Ryan Miller on the future of Bowdoin Dining
May 5, 2023
Bowdoin’s dining halls provide a source of community for students, and in his first six months as the Executive Director of Bowdoin Dining, Ryan Miller has been excited to play a role in shaping this aspect of campus culture.
Miller came to Bowdoin in late October from Washington and Lee (W&L) Dining Services, where fraternity and sorority houses overshadowed the dining halls as hubs for communal eating.
“At Washington & Lee, at least 75 percent of our students belong to a fraternity or sorority. There’s a dining component to belonging to a fraternity or sorority,” Miller said. “A lot of what makes Bowdoin so special is the community that’s being built in our dining halls. And I think every college in the country likes to say, ‘Oh, our dining program or our housing program is designed in a way to build the community.’ That’s actually happening here at Bowdoin.”
One of Miller’s main goals is to make Dining more sustainable. Currently, only half of the disposable goods, such as takeout boxes, silverware and cups, are compostable due to supply chain constraints. Next year, these items will all be compostable.
Miller has been impressed that 35 percent of Dining’s sourcing is local, and much is homemade, especially given that local sourcing is often more expensive.
“Not every financial decision needs to be the best for Bowdoin if it’s the best for Mid-Coast Maine,” Miller said. “That’s why I love the role that I’m in, because it’s not all about the dollars and cents.”
One of the challenges that prohibits Dining from having more local sourcing is that its demand often exceeds local supply, and local sources often don’t have the resources to distribute their food to Bowdoin.
“Every single day in the dining halls, we are probably receiving 10 to 12 pallets of food in some way.
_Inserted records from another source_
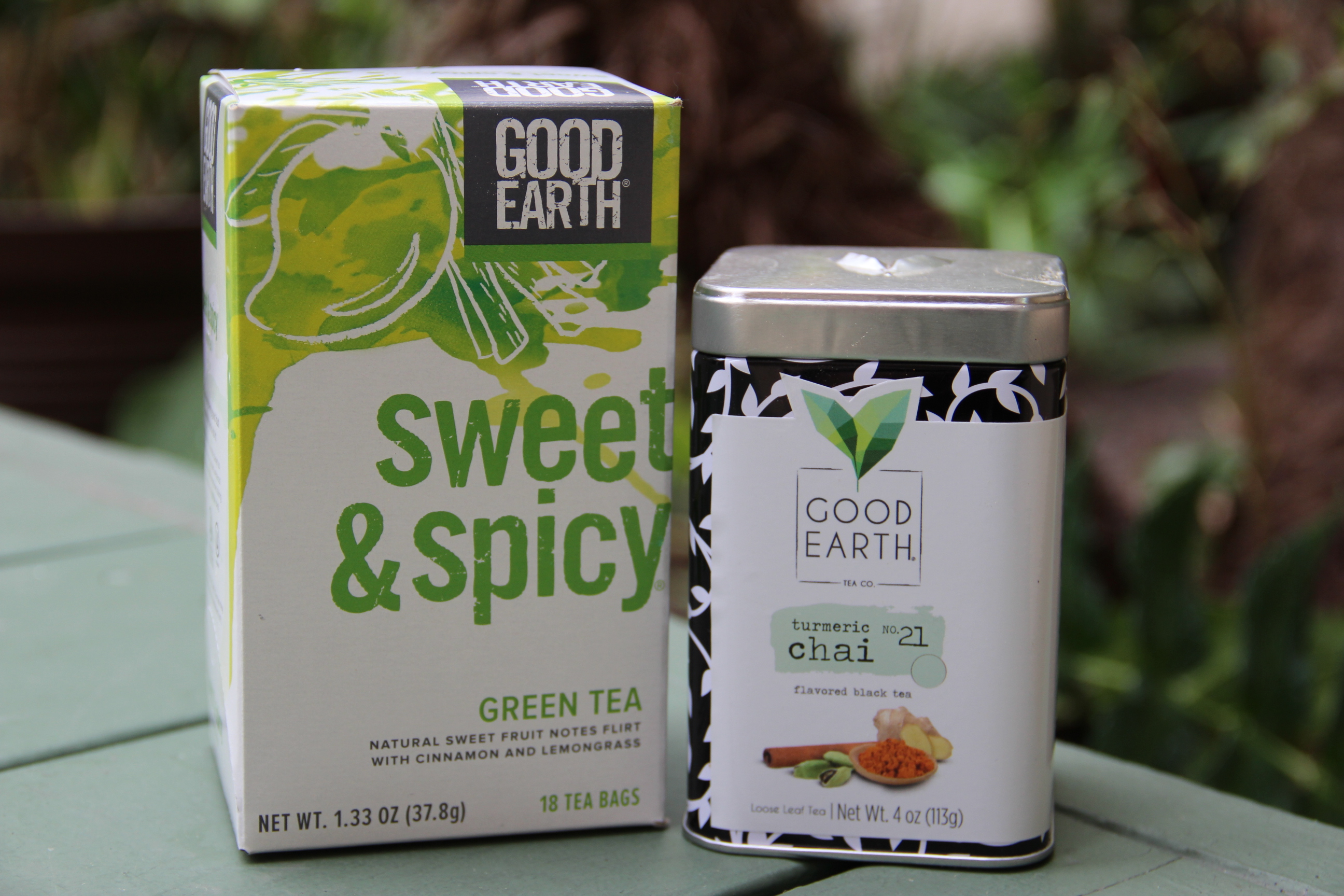 good earth tea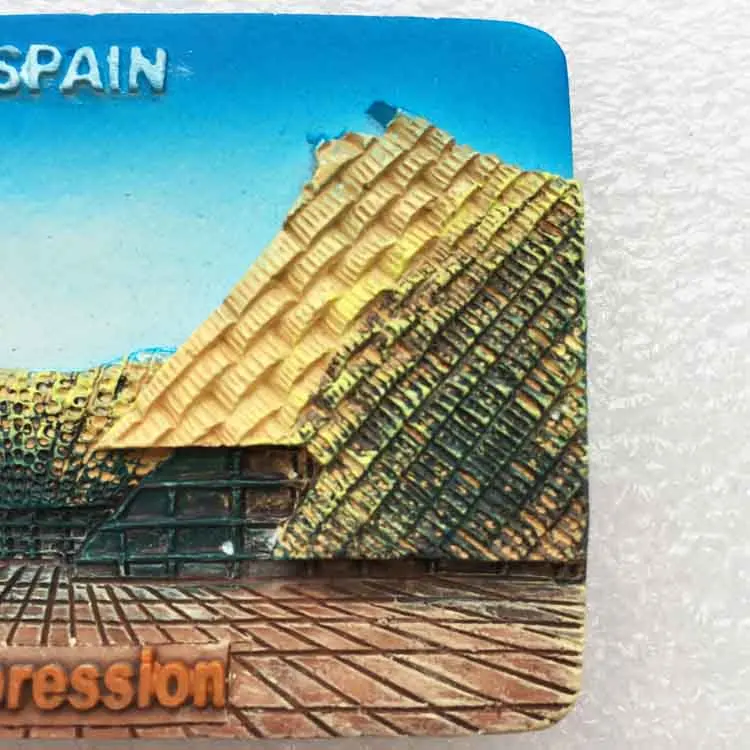 Шанхай Туризм памятный трехмерный пейзаж магнитный холодильник паста ВСЕМИРНАЯ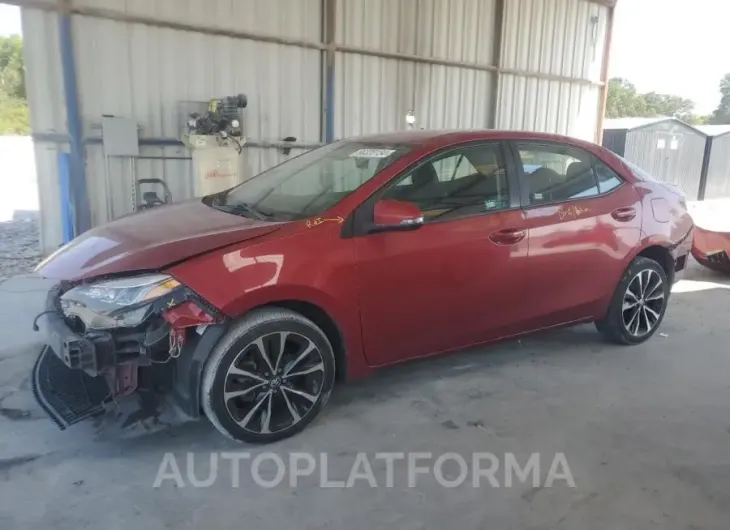 TOYOTA COROLLA L 2017 vin 2T1BURHE8HC922745 from auto auction Copart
That’s a lot of food to feed 2,000 people, and a lot of local providers don’t necessarily have the scale to get to that level,” Miller said. “The Penn States of the world that have 30,000 students on a meal plan, it’s almost impossible to go to any local provider … so Bowdoin is lucky that we’re small in scale.”
Despite Dining’s sustainability efforts, Miller emphasized the importance of student input, referencing student protests to Dining’s experimentation with Meatless Mondays in 2011.
“I think it didn’t go well because the reality was we were taking away options,” Miller said. “Bowdoin Dining should not be taking a political stance on any social issue that’s happening out there in the world. I think we’re here to provide healthy, nutritious options for our campus communities.”
Miller hopes to follow in his predecessors’ steps in staying at Bowdoin Dining for years. He foresees substantial changes to the dining spaces on campus during his tenure.
“I think the reality is that at some point during my career at Bowdoin, we are going to have to do something with Moulton, whether that’s a renovation or a new dining hall,” Miller said. He noted that in the past two months, Moulton has served more meals than Thorne.
Miller is proud of dining’s number two spot on The Princeton Review’s annual ranking of the best campus food in the country.
“I think more so than anything, the ranking means something to our team,” Miller said. “It’s one thing when your boss comes up to you and says, ‘Hey, your sandwich today was really awesome.’ That does mean something, but it also means something to have this tangible goal at the end of the year.”